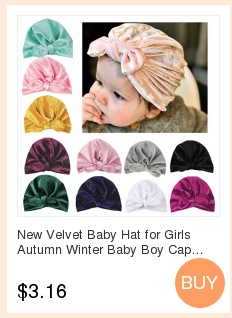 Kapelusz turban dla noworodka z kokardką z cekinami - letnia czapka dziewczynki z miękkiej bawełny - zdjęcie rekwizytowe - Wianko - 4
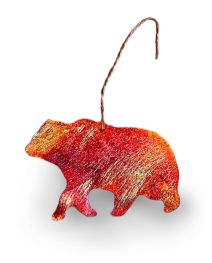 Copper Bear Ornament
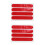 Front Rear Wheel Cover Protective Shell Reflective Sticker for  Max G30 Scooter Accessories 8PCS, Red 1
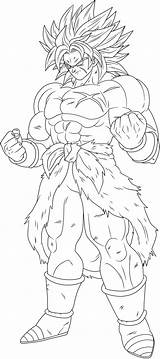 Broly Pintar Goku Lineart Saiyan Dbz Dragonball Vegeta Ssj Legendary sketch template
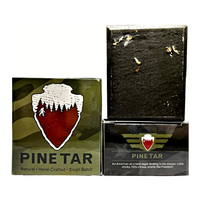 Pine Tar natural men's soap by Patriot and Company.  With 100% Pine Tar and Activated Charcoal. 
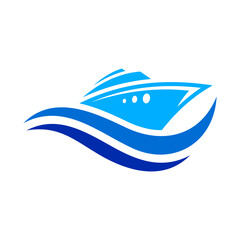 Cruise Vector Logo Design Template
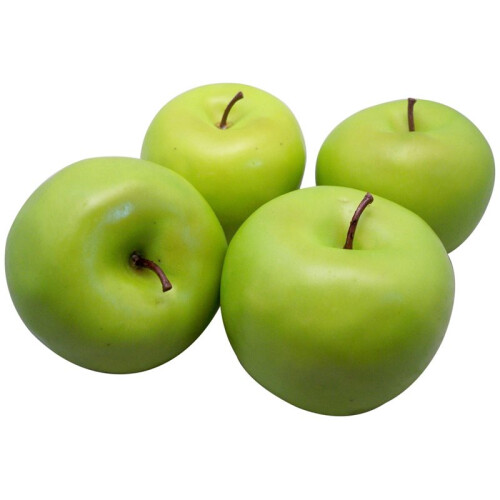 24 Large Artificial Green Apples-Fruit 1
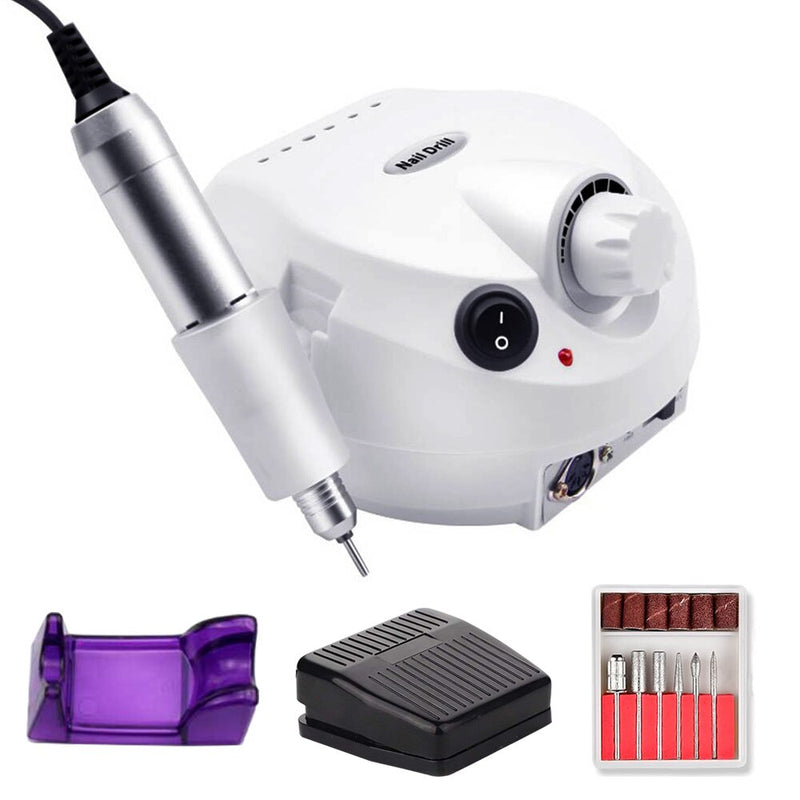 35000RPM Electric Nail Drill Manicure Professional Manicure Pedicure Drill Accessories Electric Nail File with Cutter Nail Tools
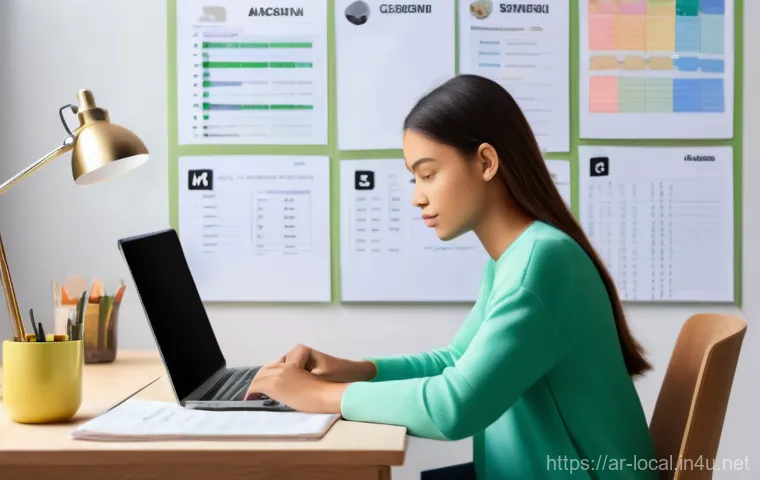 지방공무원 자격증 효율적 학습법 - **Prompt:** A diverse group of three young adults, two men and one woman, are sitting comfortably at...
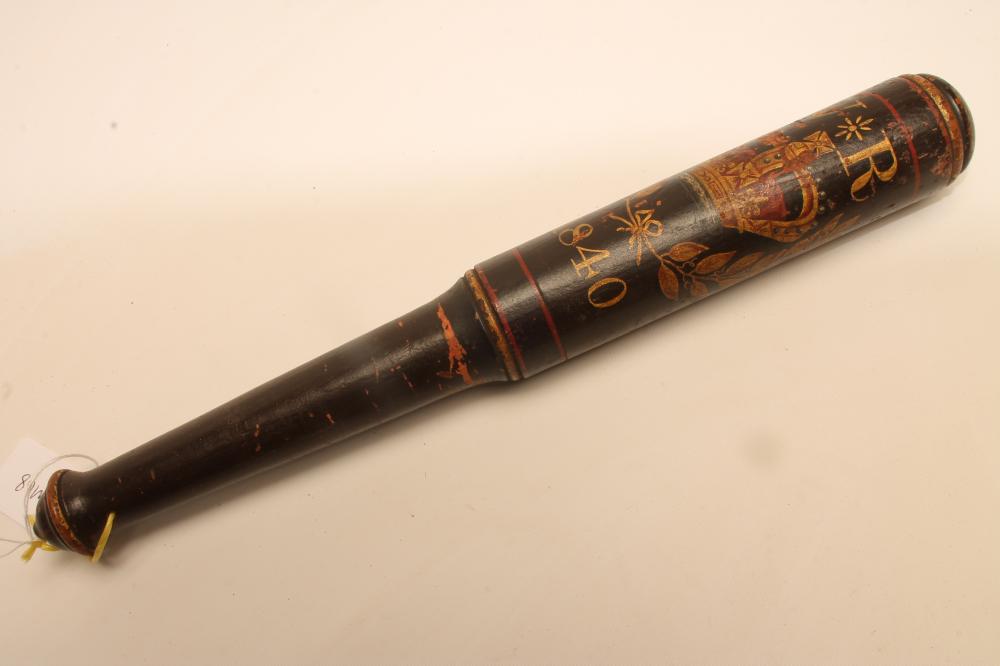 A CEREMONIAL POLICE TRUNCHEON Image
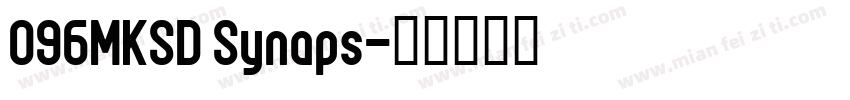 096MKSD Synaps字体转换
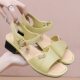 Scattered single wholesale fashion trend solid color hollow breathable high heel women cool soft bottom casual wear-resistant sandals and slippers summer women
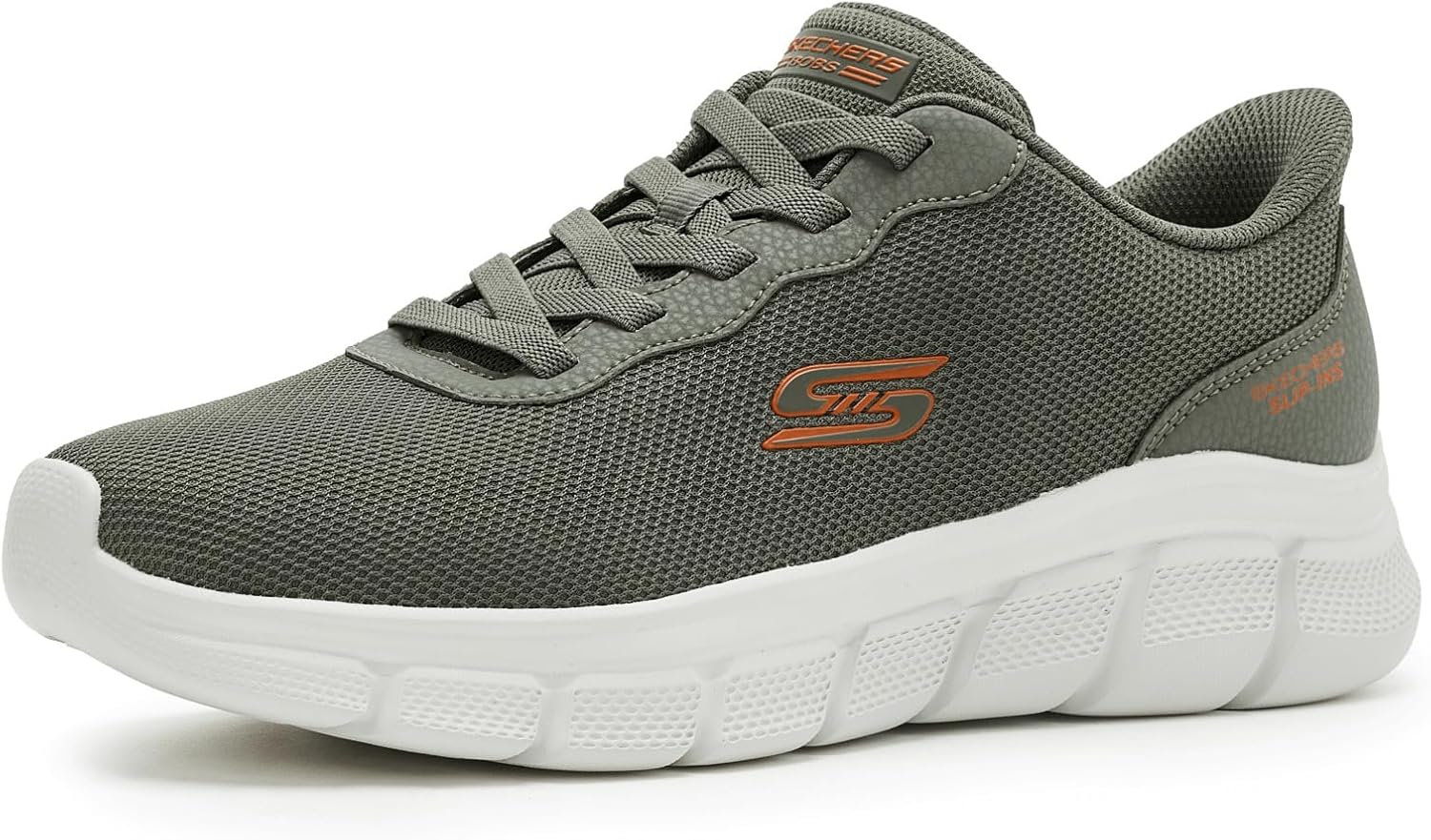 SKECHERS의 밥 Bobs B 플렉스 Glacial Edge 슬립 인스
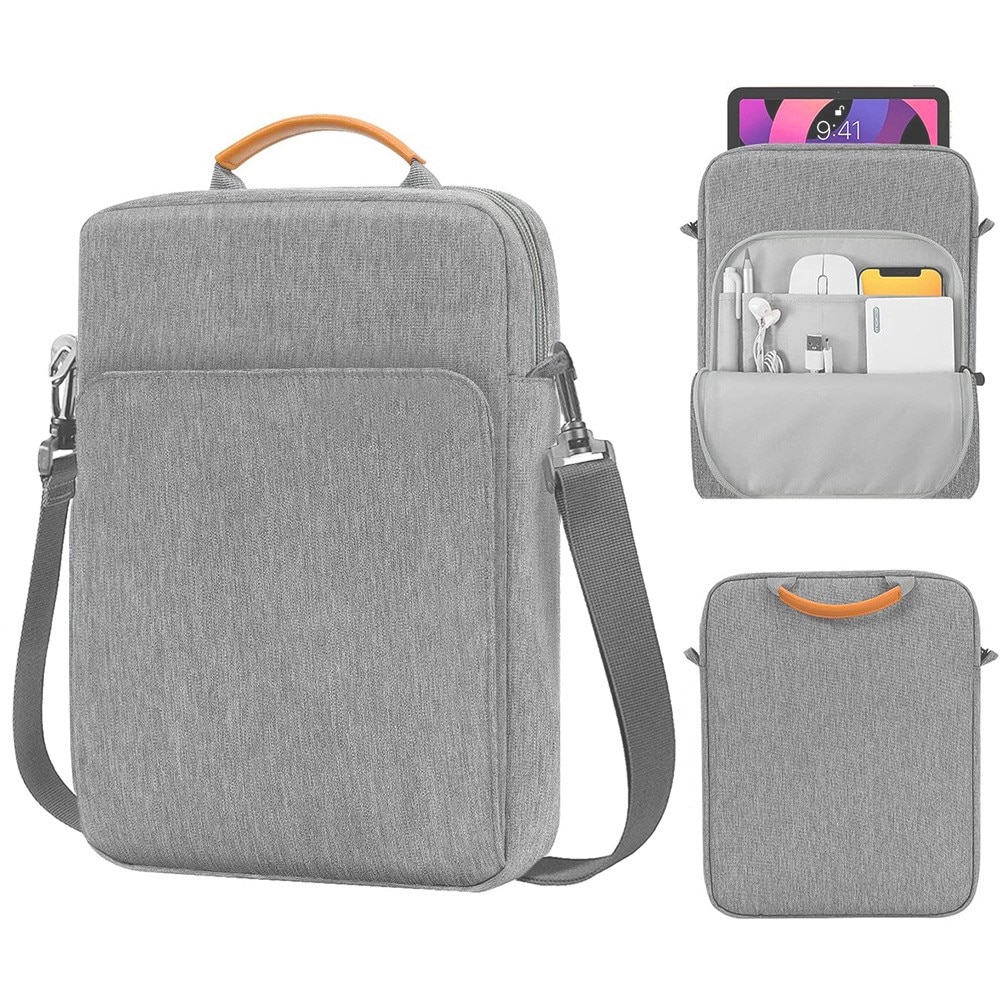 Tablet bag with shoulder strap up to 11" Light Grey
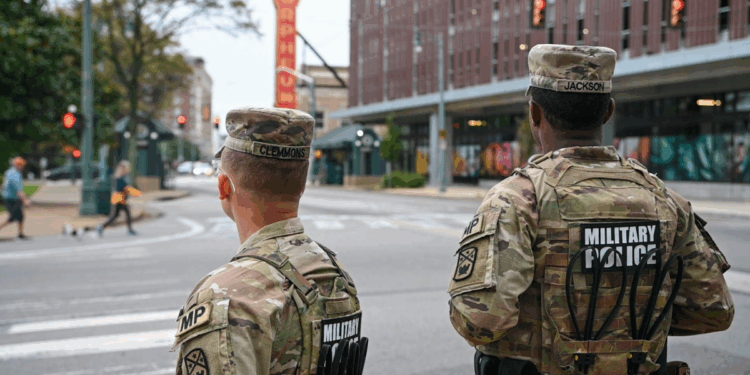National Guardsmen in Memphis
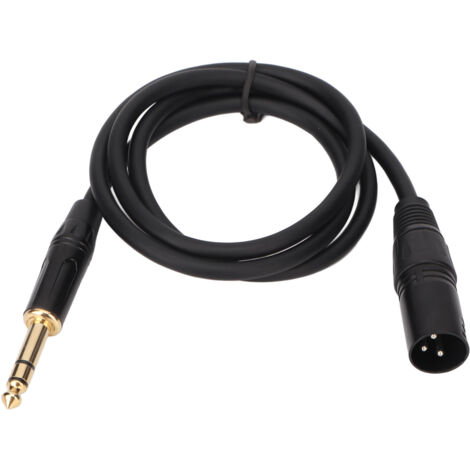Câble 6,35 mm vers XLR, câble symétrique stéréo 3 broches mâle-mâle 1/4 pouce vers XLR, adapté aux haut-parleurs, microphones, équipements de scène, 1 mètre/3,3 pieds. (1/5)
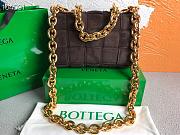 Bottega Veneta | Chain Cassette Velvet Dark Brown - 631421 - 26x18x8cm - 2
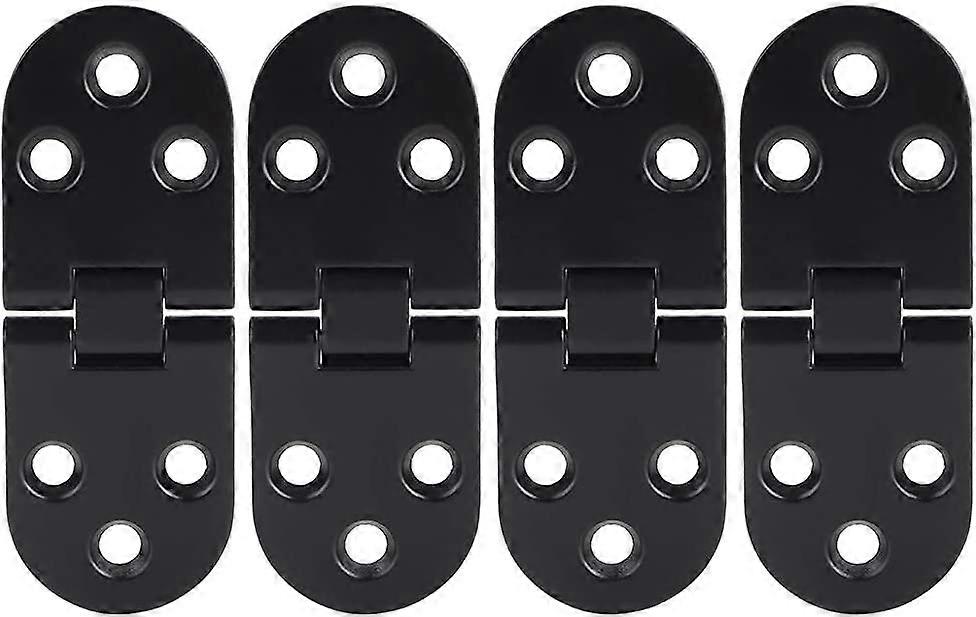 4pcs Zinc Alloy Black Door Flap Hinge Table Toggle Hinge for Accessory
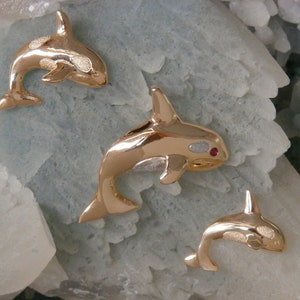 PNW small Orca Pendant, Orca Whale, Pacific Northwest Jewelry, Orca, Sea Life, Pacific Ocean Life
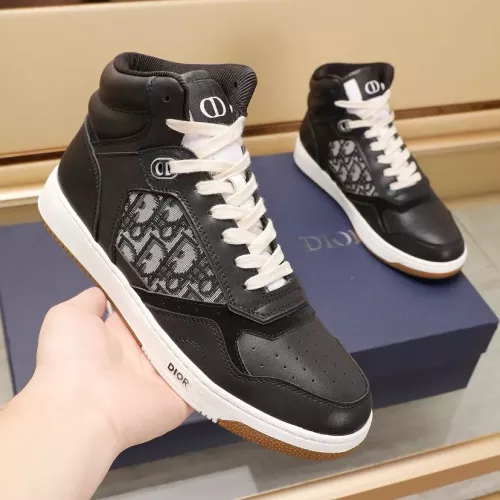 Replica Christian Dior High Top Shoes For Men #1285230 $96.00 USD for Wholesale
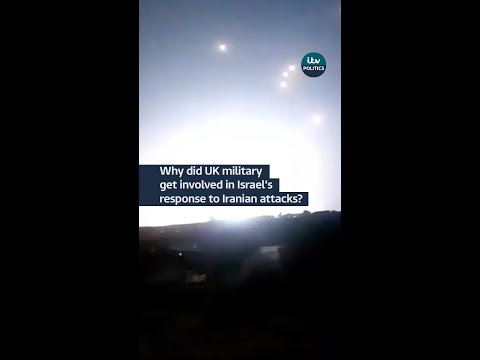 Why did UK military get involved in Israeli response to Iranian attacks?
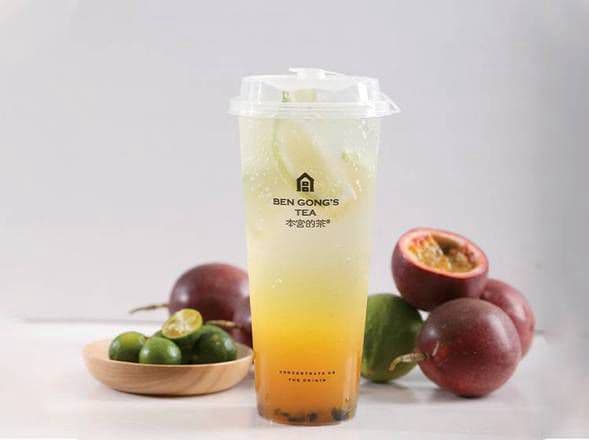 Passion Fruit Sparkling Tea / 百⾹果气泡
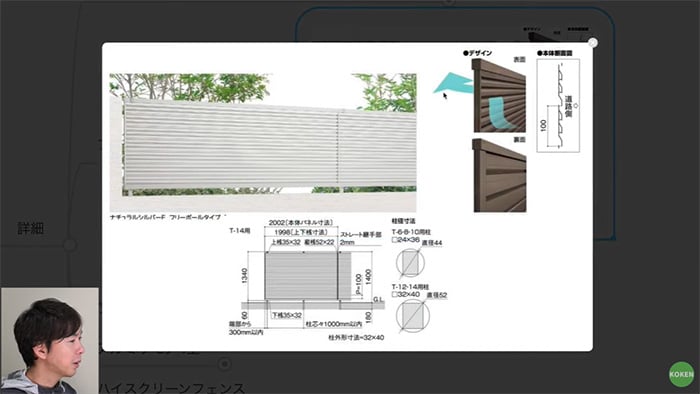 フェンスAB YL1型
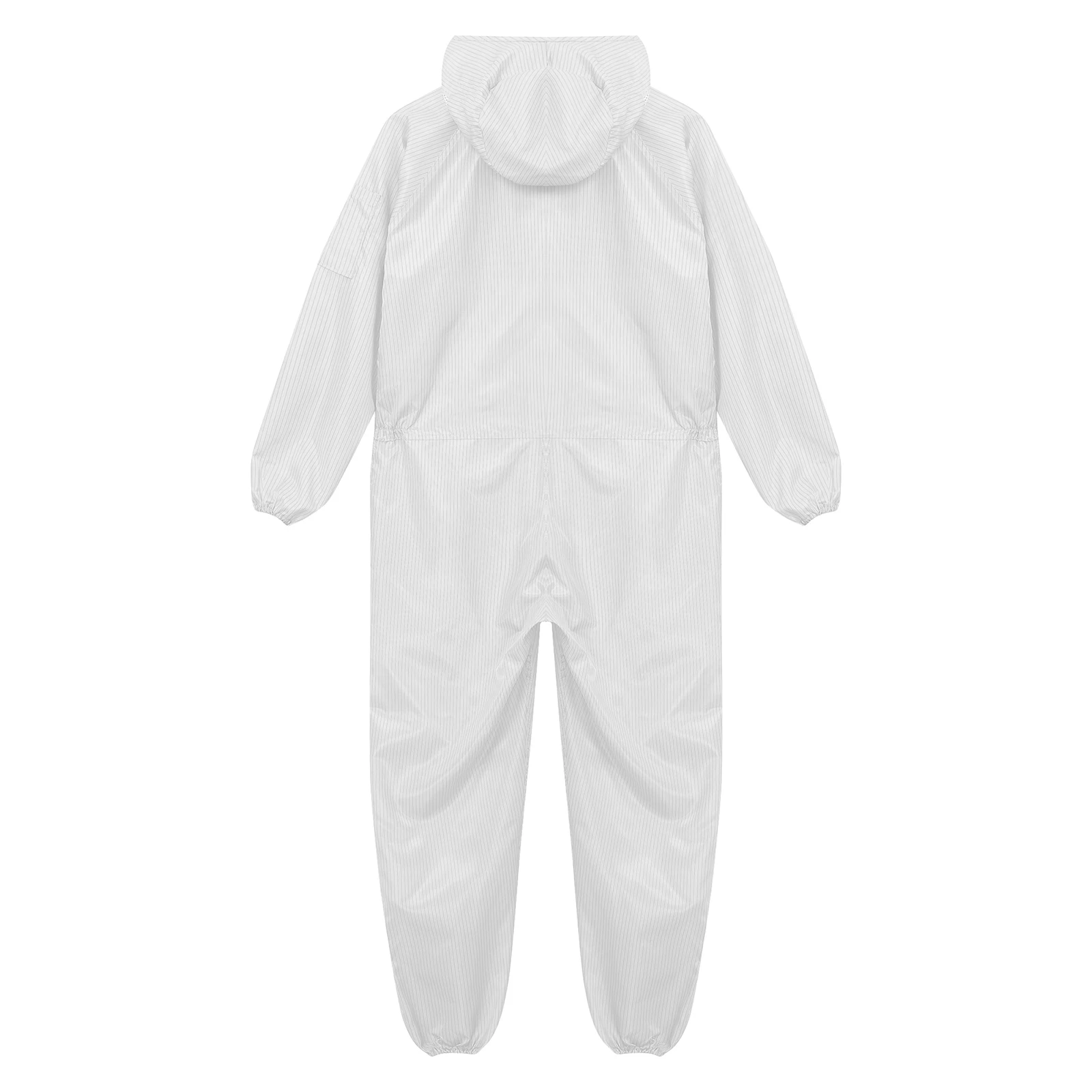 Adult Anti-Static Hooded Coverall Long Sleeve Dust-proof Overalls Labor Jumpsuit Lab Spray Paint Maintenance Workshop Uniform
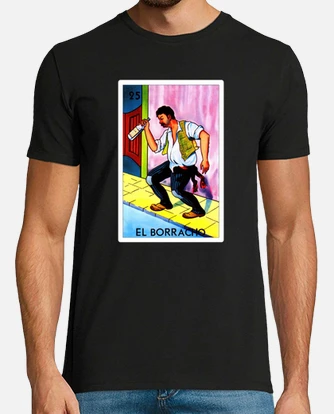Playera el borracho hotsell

*****

• _Task details_
Your answer must be the exact lines of the records from the first one through the line containing "Pine Tar natural", with no pictures in it.

• _Your response_
 Kapelusz turban dla noworodka z kokardką z cekinami - letnia czapka dziewczynki z miękkiej bawełny - zdjęcie rekwizytowe - Wianko - 4
 Copper Bear Ornament
 Front Rear Wheel Cover Protective Shell Reflective Sticker for  Max G30 Scooter Accessories 8PCS, Red 1
 Broly Pintar Goku Lineart Saiyan Dbz Dragonball Vegeta Ssj Legendary sketch template
 Pine Tar natural men's soap by Patriot and Company.  With 100% Pine Tar and Activated Charcoal. 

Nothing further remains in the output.